*Your goal*
Output range, inclusive: from the line containing "VECINOS DE LA" to the line containing "Una foto de". Restate those lines from the data below word for word and only those.

*Data records*
↓
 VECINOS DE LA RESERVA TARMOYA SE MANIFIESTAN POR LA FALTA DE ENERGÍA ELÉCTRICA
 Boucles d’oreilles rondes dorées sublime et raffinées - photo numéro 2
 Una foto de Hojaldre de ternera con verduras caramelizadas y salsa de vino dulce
↑
↓
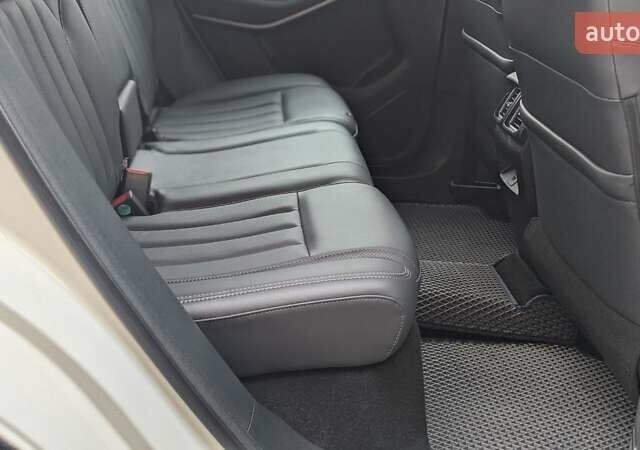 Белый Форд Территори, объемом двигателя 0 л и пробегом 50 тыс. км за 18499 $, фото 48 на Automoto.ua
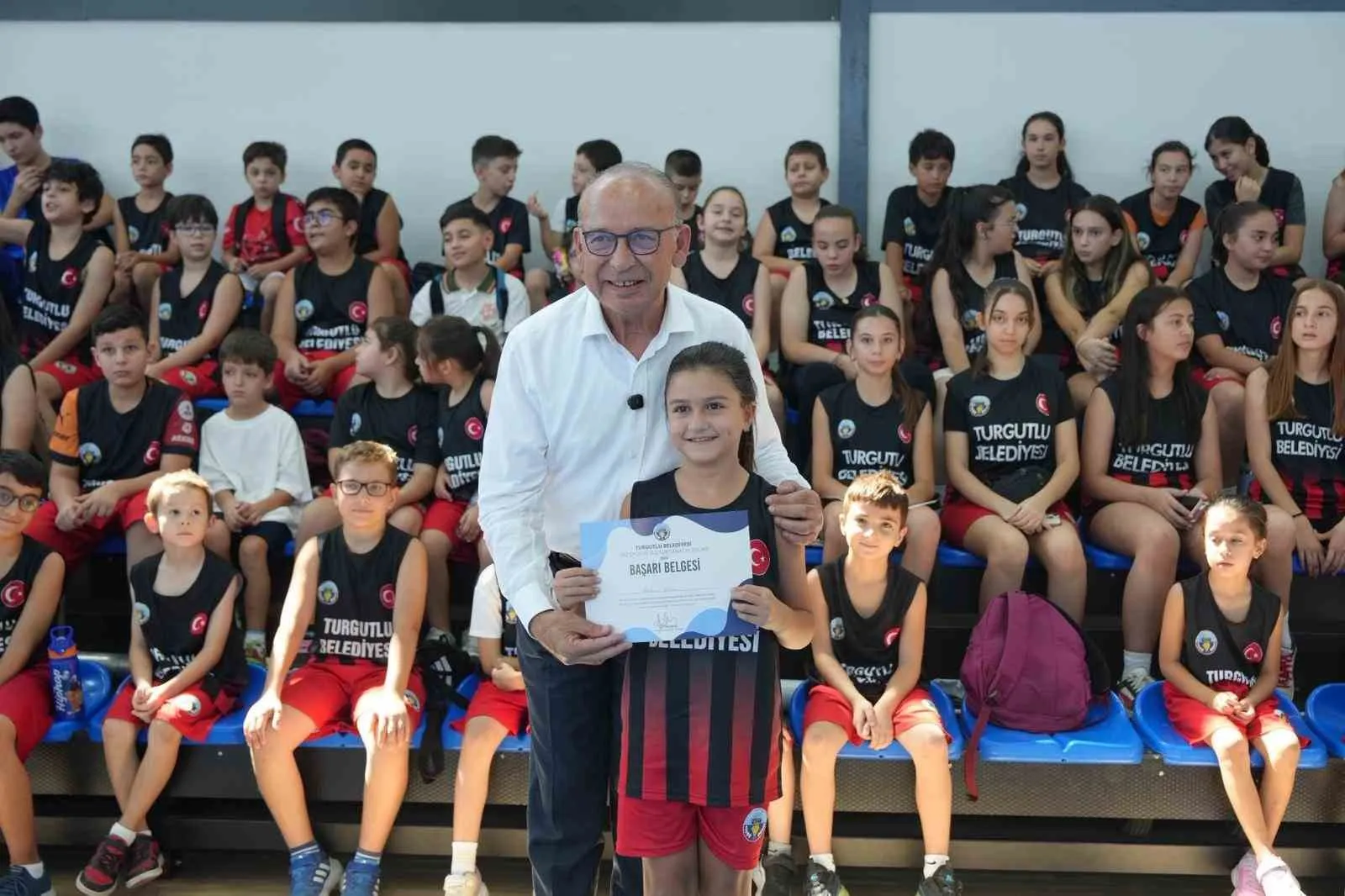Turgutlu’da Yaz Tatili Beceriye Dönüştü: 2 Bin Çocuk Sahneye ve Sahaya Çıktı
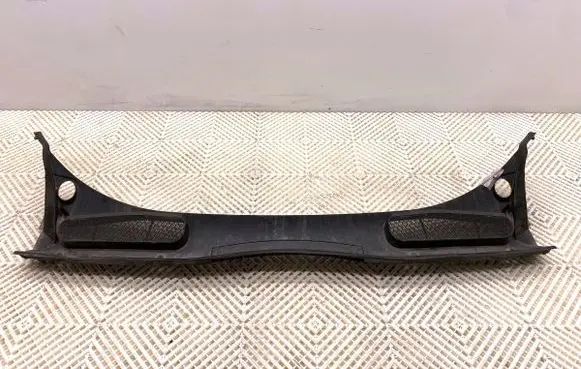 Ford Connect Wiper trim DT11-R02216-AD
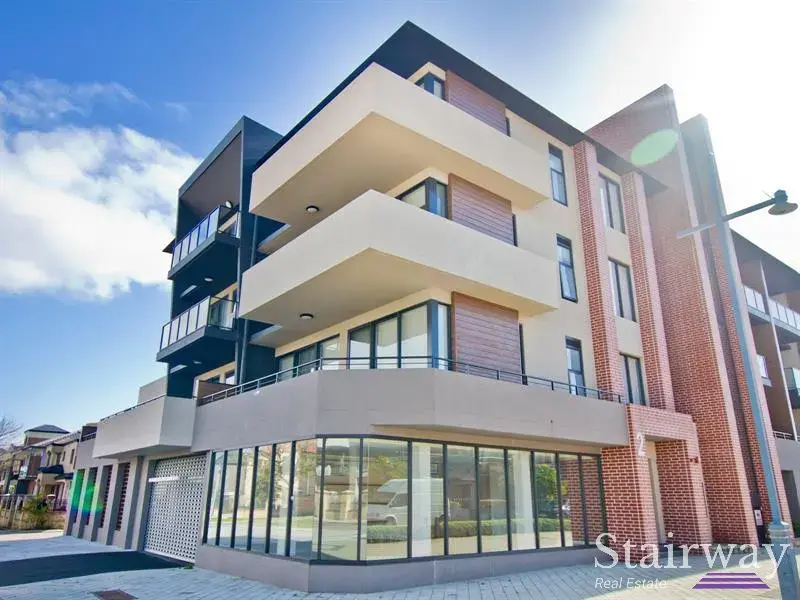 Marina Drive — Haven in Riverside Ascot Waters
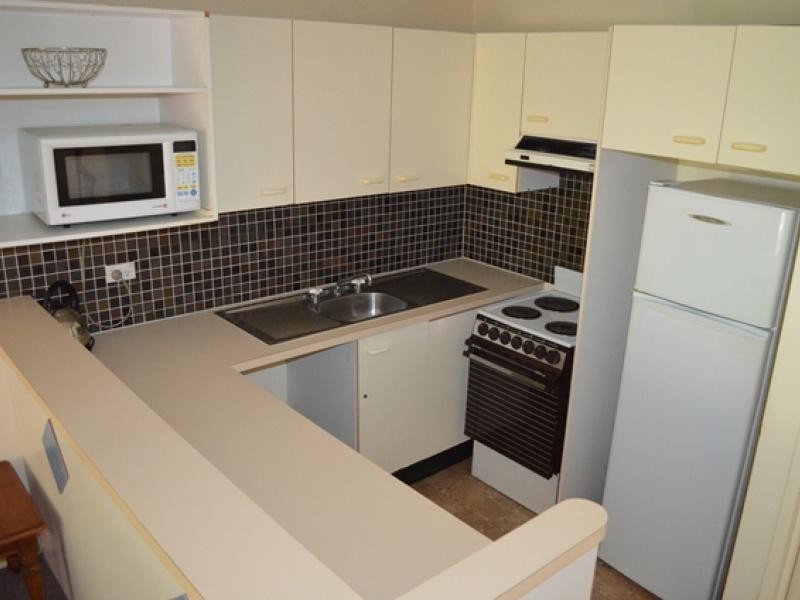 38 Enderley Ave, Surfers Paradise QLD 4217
↑
*Solution for this task*
 VECINOS DE LA RESERVA TARMOYA SE MANIFIESTAN POR LA FALTA DE ENERGÍA ELÉCTRICA
 Boucles d’oreilles rondes dorées sublime et raffinées - photo numéro 2
 Una foto de Hojaldre de ternera con verduras caramelizadas y salsa de vino dulce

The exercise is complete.